# Dataset

source: image with masked-out object

mask: binary mask where object was removed

ref: object crop, resized

target: original full image

Download COCO 2017

In [None]:
import os
from torchvision.datasets import CocoDetection
from torchvision import transforms
from pycocotools.coco import COCO
import requests, zipfile, io

def download_coco_val(root="coco2017"):
    os.makedirs(root, exist_ok=True)

    url_images = "http://images.cocodataset.org/zips/val2017.zip"
    url_annotations = "http://images.cocodataset.org/annotations/annotations_trainval2017.zip"

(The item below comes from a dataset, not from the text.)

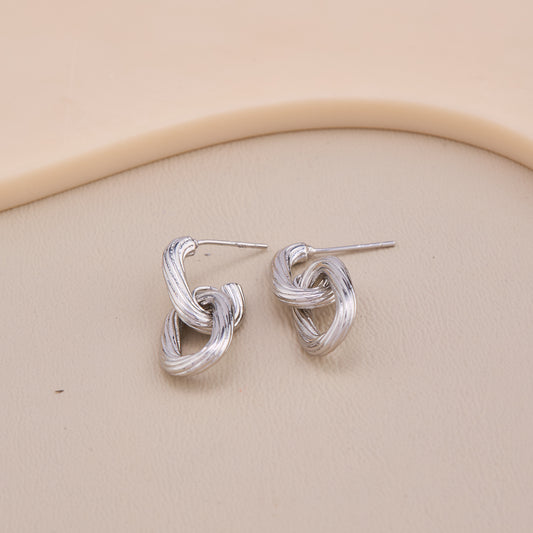 Silver Link Charm Earrings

    # Download val2017 images
    if not os.path.exists(os.path.join(root, "val2017")):
        print("Downloading val2017...")
        r = requests.get(url_images)
        z = zipfile.ZipFile(io.BytesIO(r.content))
        z.extractall(root)

    # Download annotations (contains val annotations too)
    if not os.path.exists(os.path.join(root, "annotations")):
        print("Downloading annotations...")
        r = requests.get(url_annotations)
        z = zipfile.ZipFile(io.BytesIO(r.content))
        z.extractall(root)

    print("COCO val2017 ready at", root)



In [None]:
download_coco_val()

Create Inpainting Triplets

In [None]:
def get_valid_mask_and_ref(coco, anns, img_size):
    H, W = img_size
    min_ratio, max_ratio = 0.05, 0.5  # thresholds

    for ann in anns:
        mask = coco.annToMask(ann)
        mask = cv2.resize(mask, (W, H), interpolation=cv2.INTER_NEAREST)
        ratio = mask.sum() / (H * W)
        if min_ratio <= ratio <= max_ratio:  # thresholds
            return mask, ann
    return None, None

In [None]:
from PIL import Image, ImageDraw
import random
import numpy as np
import torch
import cv2

class CocoInpaintingDataset(torch.utils.data.Dataset):
    def __init__(self, coco_root="coco2017", split="val2017", image_size=256, max_objects=1):
        super().__init__()
        ann_file = os.path.join(coco_root, "annotations", f"instances_{split}.json")
        self.coco = COCO(ann_file)
        self.img_ids = list(self.coco.imgs.keys())
        self.root = os.path.join(coco_root, split)
        self.max_objects = max_objects
        self.transform = transforms.Compose([
            transforms.Resize((image_size, image_size)),
            transforms.ToTensor(),
            # transforms.Normalize([0.5], [0.5]),
        ])

    def __len__(self):
        return len(self.img_ids)

    def __getitem__(self, idx):
        img_id = self.img_ids[idx]
        img_info = self.coco.loadImgs(img_id)[0]
        path = os.path.join(self.root, img_info["file_name"])
        image = Image.open(path).convert("RGB")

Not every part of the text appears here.